I Am More Significant Than a P-value
“The way we work in public health is, we make the best recommendations and decisions based on the best available data.” —Thomas R. Frieden, Former Director of the US Center for Disease Control and Prevention
Data, both qualitative and quantitative, influences policy decisions surrounding population health (especially minority health). As public health researchers, we rely on evidence-based interventions to reduce the burdens of disease in our communities. In order to classify an intervention as “evidence-based,” data usually has to produce a statistically significant outcome or effect. Epidemiology, often times considered the science of public health, teaches you that you can form conclusions based on arbitrary measurements, such as the great p-value. In epidemiology, a p-value is defined as “the probability of obtaining a result at least as extreme as the one that was actually observed in the biological or clinical experiment or epidemiological study, given that the null hypothesis is true”. (Another way to understand this: reject the null if your p-value is less than 0.05).
P-values are one of the most misused and misinterpreted measures of health outcomes. Yet, it is one of the “easier” statistical methods to use if you want to get your work published or recognized. In the United States, we tend to rely more heavily on what a number can tell us instead of the true lived experiences of the people we’re sampling. As implicit as scientific racism can be, we must be aware of our research foundations. When forming conclusions about minority health, in particular, researchers tend to under sample the minority population or lack appropriate measurement tools for that sample population.
So why is this important? Let’s use as an example the risk of postpartum depression (PPD) between racial groups. Our null hypothesis is that there is an associated difference in risk of postpartum depression between being a White woman compared to being a Black woman. All things are considered equal in our assumption and our sample shares similar demographics, geographical location, etc.

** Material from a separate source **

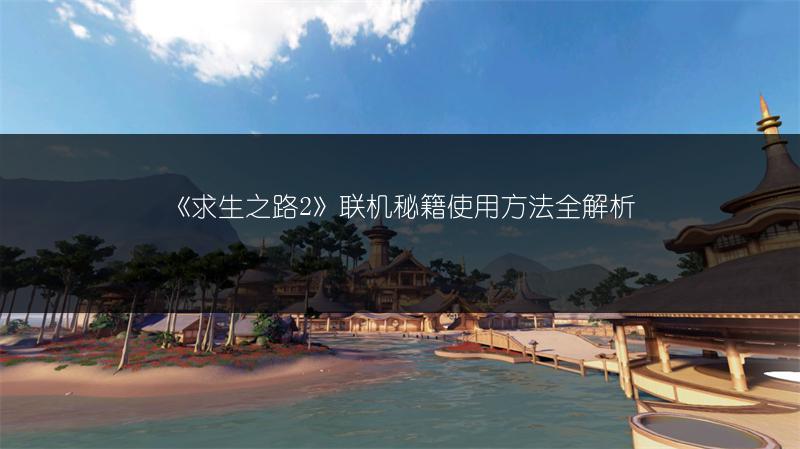 《求生之路2》联机秘籍使用方法全解析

If I’m interested in observing the association between race and PPD, having a p-value under 0.05 (5%) does not direct me to the “true” relationship between PDD and race if my sample only includes 50 Black women and 200 White women. However, I can now convince you that being a Black woman does not have a significant effect on the development of postpartum depression and that this is the reality of Black women in the United States (generalizing to the population). Yet, I haven’t incorporated any social or environmental factors that can influence the risk of developing postpartum depression, or how these factors influence the data. Race is a social construct, not a biological one. Therefore, a person’s health can (and is) influenced by how a person interacts with their social environment. But remember I’m telling you that statistics showed that there is no difference in risk. When we test our hypothesis using the p-value as our method of measurement, we have to be conscious of the conditions surrounding our study design, analysis, inclusion/exclusion criteria, and so on.

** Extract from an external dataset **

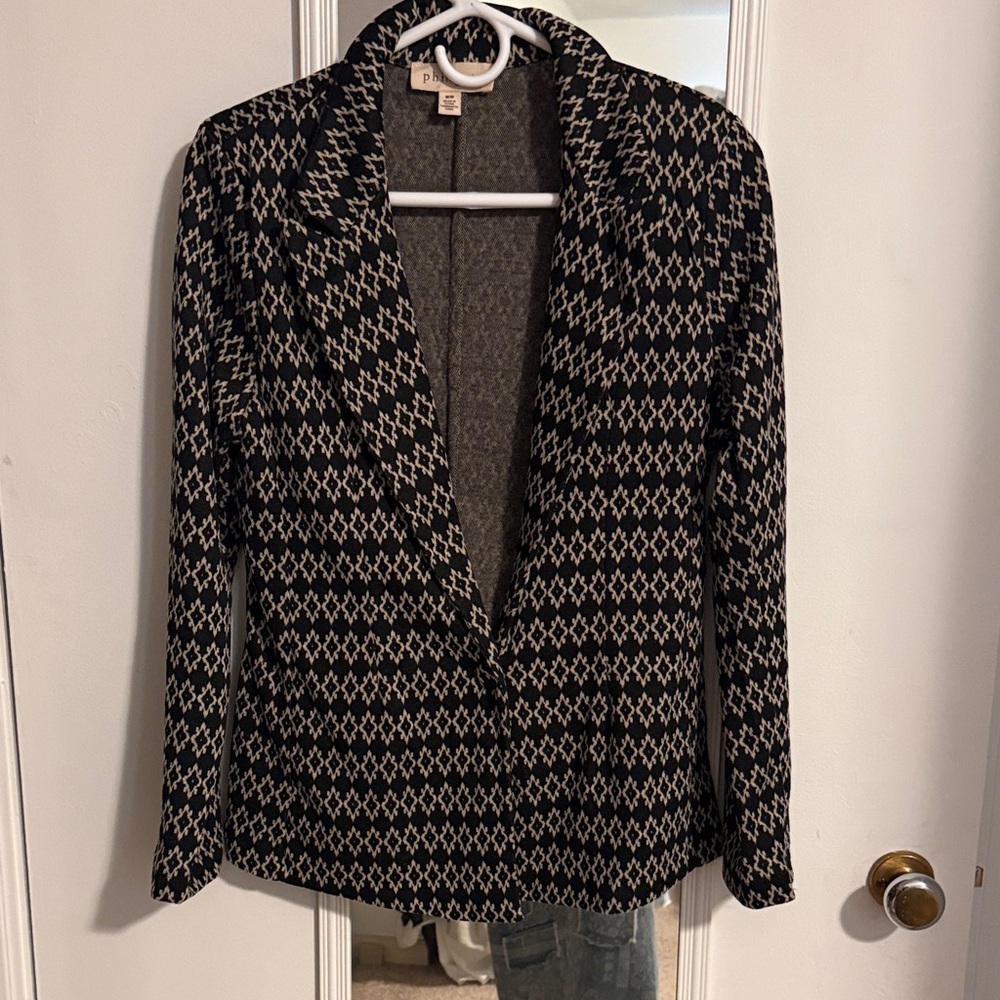 Philosophy Black and gold Patterned Blazer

With more public health issues centering health disparities, we’re seeing a surge of ways to change the narrative of minority health. Dr. Thomas LaVeist, an expert health disparities researcher, gave a lecture on how to incorporate a cultural lens into public health research. Researchers oftentimes exclaim that their data is representative, when in actuality it under samples the minority comparison population. Yet, this inclusive dataset produces publications that in turn create inefficient interventions. This is problematic because we are not taking into account the lived experiences of our study participants. Black women living in Detroit, Michigan are different than Black women living in Los Angeles, California.

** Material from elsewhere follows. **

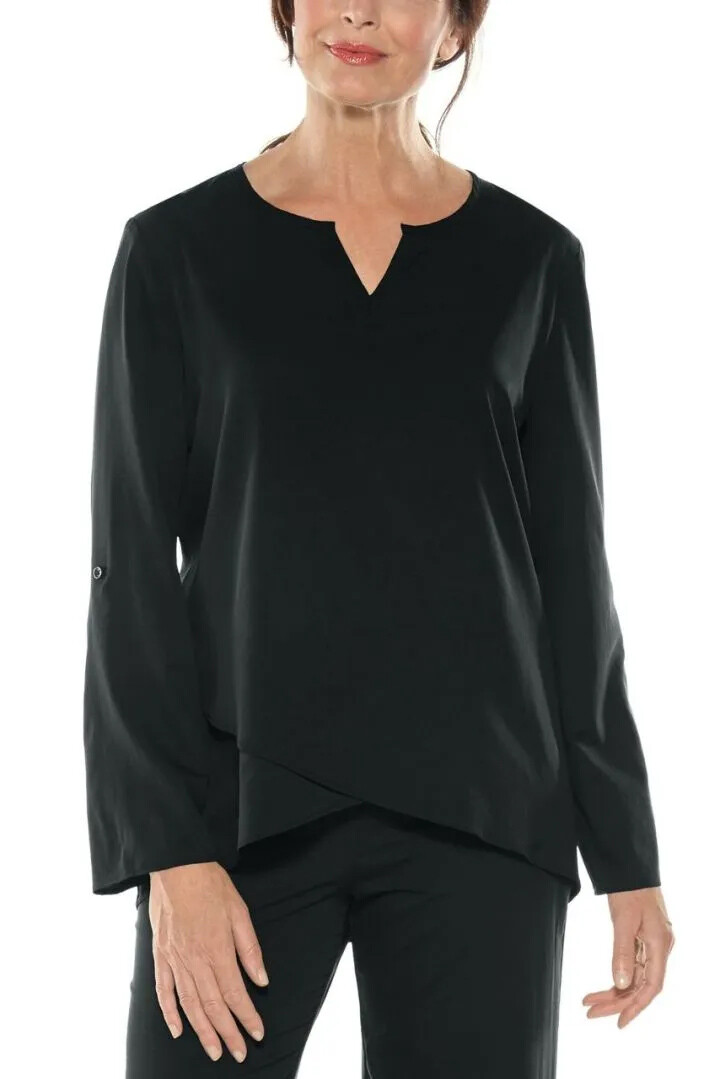 Coolibar - UV Tunic Top for women - Santa Barbara - Solid - Black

There are different social and environmental factors affecting those cities that in turn shape those women’s lived experiences and produce different outcomes. So for research to suggest the use of a new evidence-based intervention based on a study conducted on Black women in Denver, Colorado (that produced statistically significant results!), feels like an injustice to other communities—communities who really need interventions tailored around their current environment. In research, the idea is that scholarly publications make the world go round. However, due to the ease of using a p-value, we develop a bunch of interventions that don’t actually reduce negative health outcomes in minority communities.
So what’s the point of this piece? I am by no means a statistician, I barely consider myself an epidemiologist. I love doing research, I consider myself a research geek, but I want to encourage researchers everywhere to think more critically about the display of data and the effects it can have on the community. Public health researchers have to dive deep into the questions: “who is in your sample?” and “what does this really mean?” My p-value “proves” that this is the causal association, but what now? We as researchers should challenge ourselves and ask ourselves “can I really publish this paper based on XX number of people in my comparison group, when there are actually XX number of (insert minority group) in the country?”